Starting from TiDB 5.3.0, TiDB Lightning provides the ability to check the configuration before running a migration task. It is enabled by default. This feature automatically performs some routine checks for disk space and execution configuration. The main purpose is to ensure that the whole subsequent import process goes smoothly.
The following table describes each check item and detailed explanation.

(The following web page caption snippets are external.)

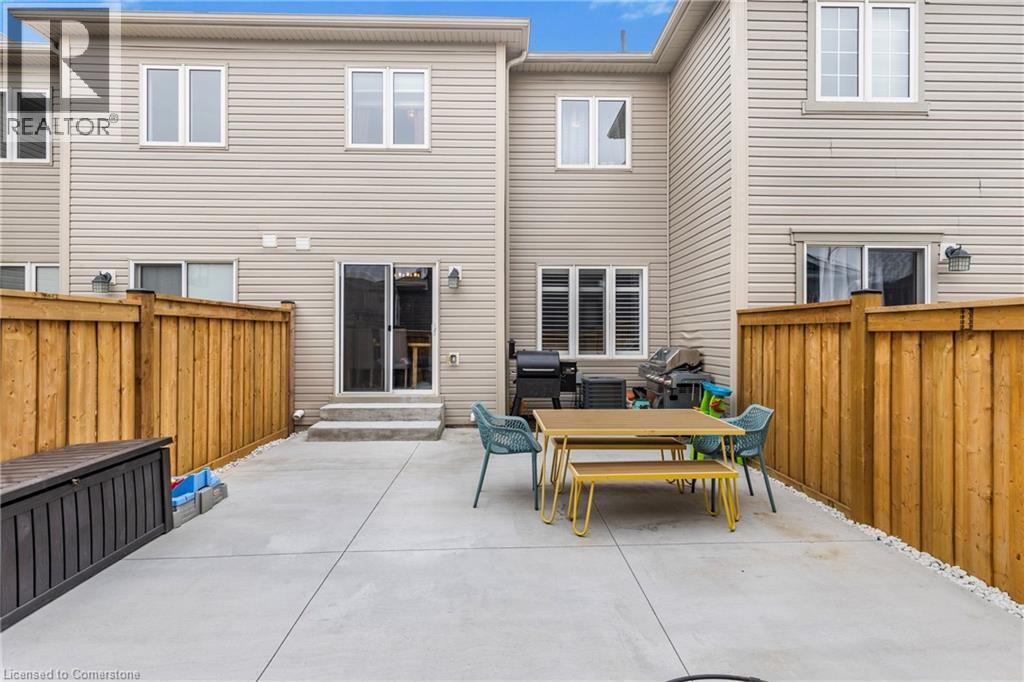 Photo 19 of 154 Maclachlan Avenue, Caledonia ON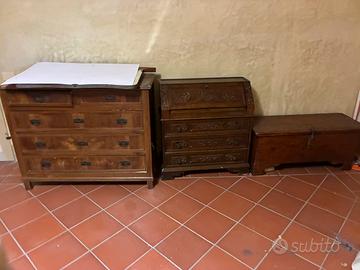 Mobili in legno per scenografia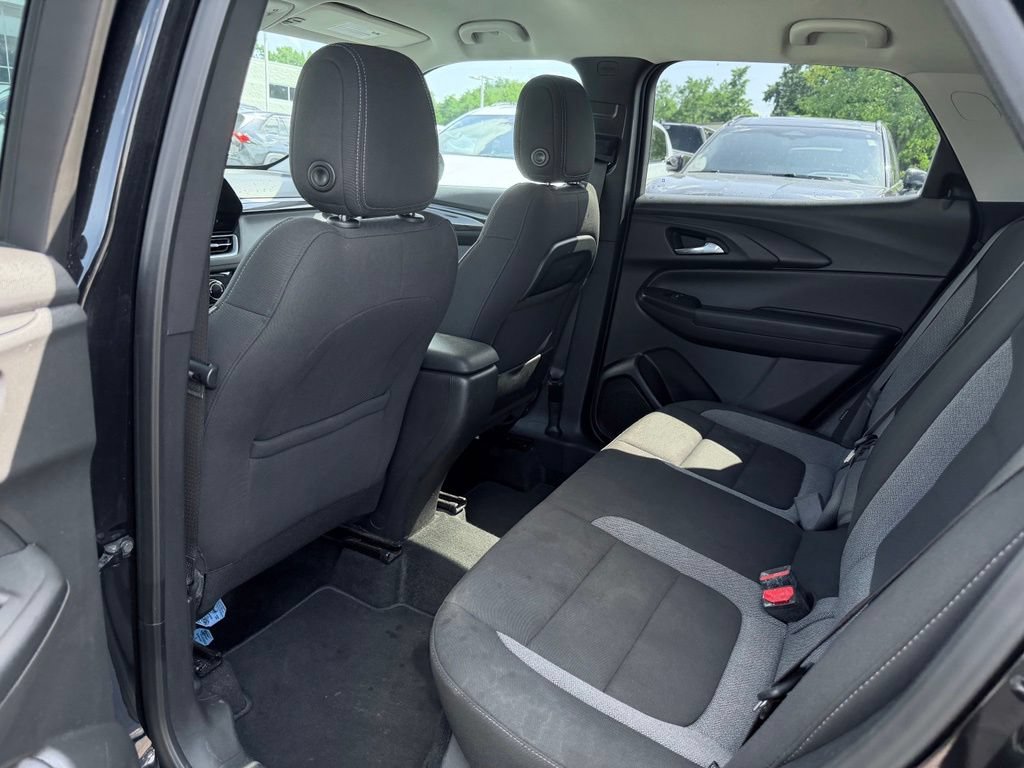 Used 2025 Chevrolet TrailBlazer LT AWD/4WD image 19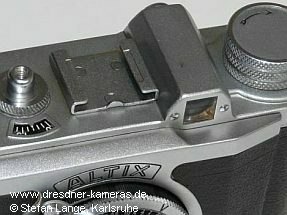 Altix III  (Version mit Festoptik; mit offenbar werksseitig montiertem Zubehrschuh)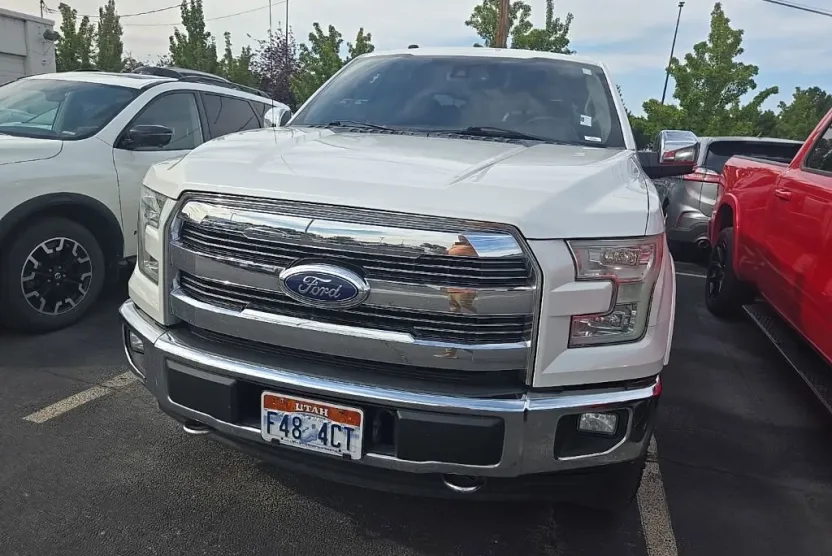 2017 Ford F-150 Lariat photo 1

|Cluster version and status||Check whether the cluster can be connected in the configuration, and whether the TiKV/PD/TiFlash version supports the Local import mode when the backend mode is Local.|
|Disk space||Check whether there is enough space on the local disk and on the TiKV cluster for importing data. TiDB Lightning samples the data sources and estimates the percentage of the index size from the sample result. Because indexes are included in the estimation, there may be cases where the size of the source data is less than the available space on the local disk, but still the check fails. When the backend is Local, it also checks whether the local storage is sufficient because external sorting needs to be done locally.|
|Region distribution status||Check whether the regions in the TiKV cluster are distributed evenly and whether there are too many empty regions. If the number of empty regions exceeds max(1000, number of tables * 3), i.e. greater than the bigger one of "1000" or "3 times the number of tables ", then the import cannot be executed.|
|Exceedingly Large CSV files in the data file||When there are CSV files larger than 10 GiB in the backup file and auto-slicing is not enabled (StrictFormat=false), it will impact the import performance. The purpose of this check is to remind you to ensure the data is in the right format and to enable auto-slicing.|
|Recovery from breakpoints||This check ensures that no changes are made to the source file or schema in the database during the breakpoint recovery process that would result in importing the wrong data.|
|Import into an existing table||When importing into an already created table, it checks, as much as possible, whether the source file matches the existing table. Check if the number of columns matches. If the source file has column names, check if the column names match. When there are default columns in the source file, it checks if the default columns have Default Value, and if they have, the check passes. ｜|